Tuesday, May 22, 2018

The Putin Files


I watched the whole thing, after a rather grueling data science class. Like I'd developed my Jupyter Notebooks using pandas 0.23 but left the teaching computer at 0.22 -- that was part of it.  The differences were subtle but when a demo doesn't work, I have to flounder and find out later what went wrong.

We were done by 10:30 PM and I started into Youtubes.  Now it's almost 4 AM.

PBS has a huge number of hours on Putin I see.  I'm never going to have time for them all, but I'm glad I watched this one.  I've sampled others as well.

It's a little bit self-contradictory, not what I'd call unbiased, but this is Frontline, so we know it's leaving it to viewers like me to draw our own conclusions, which may be different from those of Frontline.  Free country.

As a veteran of Portland Occupy, I know these youthful movements to take over squares were indeed somewhat organic (I wasn't paid) and they occurred in North America as well.  The entrenched political sphere does not go unchallenged.  Oligarchs are everywhere.

One of the contradictions is she accuses the Kremlin of paranoia regarding paid protestors, then tells a story of protestors getting paid.

Julia confesses she goes cross-eyed when it comes to cyber stuff, but a few minutes later turns out to be something of an authority on Russian hacking.  As of today, there's still a lot of speculation about the Fancy Bear stuff.  I see no reason to speak with such certainty.  Yes, we all have theories.

What's illegal about Russians using Facebook anyway?  But that's a different story from what's in the DNI report, which is not about Cambridge Analytica and UK meddling either.  Pretty selective.

The Kremlin doesn't believe in organic protests, Julia says, but then the protests against fracking in the west show all the signs of the conveyor belt turning the other way, i.e. the invisible hand of Moscow is behind the anti-fracking astroturf.  So we agree there's astroturf.  What happened to "organic"?

Thanks to Oliver Stone for contributing as much to any "Putin files" as Frontline's lineup.

Americans love revolutions Julia tells us, because theirs was a success.  And democracy.  The line that all these wars in Iraq, Syria, Libya (undermining Allende, imposing the Shah...) and so on are motivated by purely "good guy" ideals makes for an ideological simplification and rather one dimensional storyline.

But here's Frontline sitting at her feet, lapping it up, no tough questions, as that's not what this is about.  The interviewers are mainly there as fans.

Lets hope they're doing at least as many hours on someone domestic.
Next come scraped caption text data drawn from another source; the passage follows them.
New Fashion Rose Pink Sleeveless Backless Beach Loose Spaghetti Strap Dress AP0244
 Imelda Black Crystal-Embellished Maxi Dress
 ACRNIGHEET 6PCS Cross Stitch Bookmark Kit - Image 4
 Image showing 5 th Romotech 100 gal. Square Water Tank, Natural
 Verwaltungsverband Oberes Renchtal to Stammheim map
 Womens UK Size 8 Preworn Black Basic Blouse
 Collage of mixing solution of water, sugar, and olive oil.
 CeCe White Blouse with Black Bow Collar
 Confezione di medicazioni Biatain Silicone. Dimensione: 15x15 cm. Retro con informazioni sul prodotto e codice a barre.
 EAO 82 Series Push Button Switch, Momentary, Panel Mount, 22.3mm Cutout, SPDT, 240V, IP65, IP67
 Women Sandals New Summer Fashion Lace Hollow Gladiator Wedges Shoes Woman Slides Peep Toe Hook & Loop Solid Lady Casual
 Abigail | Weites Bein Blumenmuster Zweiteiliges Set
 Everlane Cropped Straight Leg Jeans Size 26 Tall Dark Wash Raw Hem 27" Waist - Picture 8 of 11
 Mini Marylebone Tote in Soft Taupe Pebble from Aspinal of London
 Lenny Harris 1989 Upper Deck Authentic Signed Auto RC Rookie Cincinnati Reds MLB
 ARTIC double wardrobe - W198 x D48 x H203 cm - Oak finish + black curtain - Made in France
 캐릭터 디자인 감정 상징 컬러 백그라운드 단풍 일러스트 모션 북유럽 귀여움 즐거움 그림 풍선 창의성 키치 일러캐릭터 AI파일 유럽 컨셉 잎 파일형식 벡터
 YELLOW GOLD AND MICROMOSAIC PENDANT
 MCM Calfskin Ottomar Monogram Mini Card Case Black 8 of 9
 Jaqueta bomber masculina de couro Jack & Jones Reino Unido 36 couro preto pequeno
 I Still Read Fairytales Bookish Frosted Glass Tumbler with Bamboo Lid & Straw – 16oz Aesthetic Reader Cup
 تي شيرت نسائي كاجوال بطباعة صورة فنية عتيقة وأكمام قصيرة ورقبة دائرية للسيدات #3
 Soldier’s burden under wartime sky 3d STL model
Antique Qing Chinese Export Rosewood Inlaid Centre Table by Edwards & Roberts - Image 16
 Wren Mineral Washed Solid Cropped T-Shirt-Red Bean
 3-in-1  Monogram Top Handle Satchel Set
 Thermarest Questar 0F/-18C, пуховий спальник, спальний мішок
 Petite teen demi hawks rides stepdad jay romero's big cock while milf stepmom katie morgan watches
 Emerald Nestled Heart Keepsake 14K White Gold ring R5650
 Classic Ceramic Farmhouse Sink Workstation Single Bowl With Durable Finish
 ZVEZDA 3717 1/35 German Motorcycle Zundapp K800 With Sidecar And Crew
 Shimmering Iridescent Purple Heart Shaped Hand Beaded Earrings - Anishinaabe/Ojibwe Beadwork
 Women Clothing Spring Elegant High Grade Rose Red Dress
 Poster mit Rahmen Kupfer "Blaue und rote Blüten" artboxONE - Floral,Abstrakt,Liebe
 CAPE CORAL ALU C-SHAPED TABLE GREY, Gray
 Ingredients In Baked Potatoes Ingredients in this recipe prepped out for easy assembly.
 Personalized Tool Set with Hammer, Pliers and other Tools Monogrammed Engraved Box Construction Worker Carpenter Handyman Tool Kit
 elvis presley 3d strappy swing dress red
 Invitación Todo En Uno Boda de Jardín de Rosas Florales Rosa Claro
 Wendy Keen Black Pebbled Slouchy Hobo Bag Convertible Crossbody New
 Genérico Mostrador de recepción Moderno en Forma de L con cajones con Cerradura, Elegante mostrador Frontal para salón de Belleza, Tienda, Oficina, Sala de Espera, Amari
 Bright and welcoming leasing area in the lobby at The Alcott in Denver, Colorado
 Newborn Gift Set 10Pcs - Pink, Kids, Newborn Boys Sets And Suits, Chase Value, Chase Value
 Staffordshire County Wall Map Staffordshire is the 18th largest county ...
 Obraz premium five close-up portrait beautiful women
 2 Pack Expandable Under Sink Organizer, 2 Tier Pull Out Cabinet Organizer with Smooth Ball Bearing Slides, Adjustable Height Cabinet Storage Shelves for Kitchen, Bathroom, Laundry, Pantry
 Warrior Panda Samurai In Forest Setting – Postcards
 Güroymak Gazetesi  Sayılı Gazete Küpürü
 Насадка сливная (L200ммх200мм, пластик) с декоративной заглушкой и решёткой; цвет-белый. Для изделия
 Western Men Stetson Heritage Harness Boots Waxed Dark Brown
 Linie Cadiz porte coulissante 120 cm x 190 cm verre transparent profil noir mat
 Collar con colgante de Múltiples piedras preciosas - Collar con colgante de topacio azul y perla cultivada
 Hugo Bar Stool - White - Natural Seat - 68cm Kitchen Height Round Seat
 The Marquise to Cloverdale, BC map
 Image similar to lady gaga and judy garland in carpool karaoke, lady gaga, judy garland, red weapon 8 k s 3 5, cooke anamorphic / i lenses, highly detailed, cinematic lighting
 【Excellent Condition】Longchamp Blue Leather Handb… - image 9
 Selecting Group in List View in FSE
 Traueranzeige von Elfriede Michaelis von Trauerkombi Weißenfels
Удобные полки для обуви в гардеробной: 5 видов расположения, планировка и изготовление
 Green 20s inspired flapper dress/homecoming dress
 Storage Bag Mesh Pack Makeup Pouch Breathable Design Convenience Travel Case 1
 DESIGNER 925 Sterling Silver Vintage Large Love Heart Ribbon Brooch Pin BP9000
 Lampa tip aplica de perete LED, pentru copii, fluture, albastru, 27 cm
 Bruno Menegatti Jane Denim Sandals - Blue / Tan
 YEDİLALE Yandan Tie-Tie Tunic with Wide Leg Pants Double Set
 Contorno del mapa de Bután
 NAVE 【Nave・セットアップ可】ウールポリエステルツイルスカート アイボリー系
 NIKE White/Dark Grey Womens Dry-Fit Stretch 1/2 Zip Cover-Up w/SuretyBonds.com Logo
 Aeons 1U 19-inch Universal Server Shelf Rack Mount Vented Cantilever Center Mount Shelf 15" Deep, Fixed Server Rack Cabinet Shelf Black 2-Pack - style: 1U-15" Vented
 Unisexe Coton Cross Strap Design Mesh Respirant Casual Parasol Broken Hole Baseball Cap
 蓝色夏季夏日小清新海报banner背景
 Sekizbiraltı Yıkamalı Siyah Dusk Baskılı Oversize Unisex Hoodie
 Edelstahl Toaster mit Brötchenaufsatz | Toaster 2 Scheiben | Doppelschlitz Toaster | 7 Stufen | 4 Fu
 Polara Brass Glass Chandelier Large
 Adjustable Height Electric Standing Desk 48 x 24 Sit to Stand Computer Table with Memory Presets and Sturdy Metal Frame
Taking shots at foreign leaders is fun, but there's more to being PBS than that we hope.

But wait, Congress is always threatening to pull funding.  PBS is more like RT than CNN in that regard, an arm of the government.  Youtube says so right under the video, with a link to Wikipedia.

The Putin Files is more likely to endear PBS to Congress, which needs its old enemies to stay sane.  Not much GENI talk around DC these days, quite the backwater (aka swamp).

What's fun about this interview is Julia actually mentions The Americans, which I've been watching recently.  Where science fiction ends and reality begins is always hazy in this world.

Me on Facebook: 
Interesting interview, long. Frontline has hours and hours in its Putin Files. Her dad grew up in Moscow. Julia has a somewhat simplistic good versus evil worldview. Americans are idealistic and just want to spread democracy, making the world a better place. Putin will never understand will he?
We can project on Putin all we like, claiming he's influenced by his background in spydom, but how are we not all in that world at this point?  "Intelligence" is a very generic term and it's not all about being a next Einstein (who was spied on).

Paranoia is not something specifically Russian, duh.

Welcome to the noosphere then.

When do we get to talk about telepathy?  Not on this show.  Switch to Esalen?  Tell us more about how the hippies helped save physics maybe?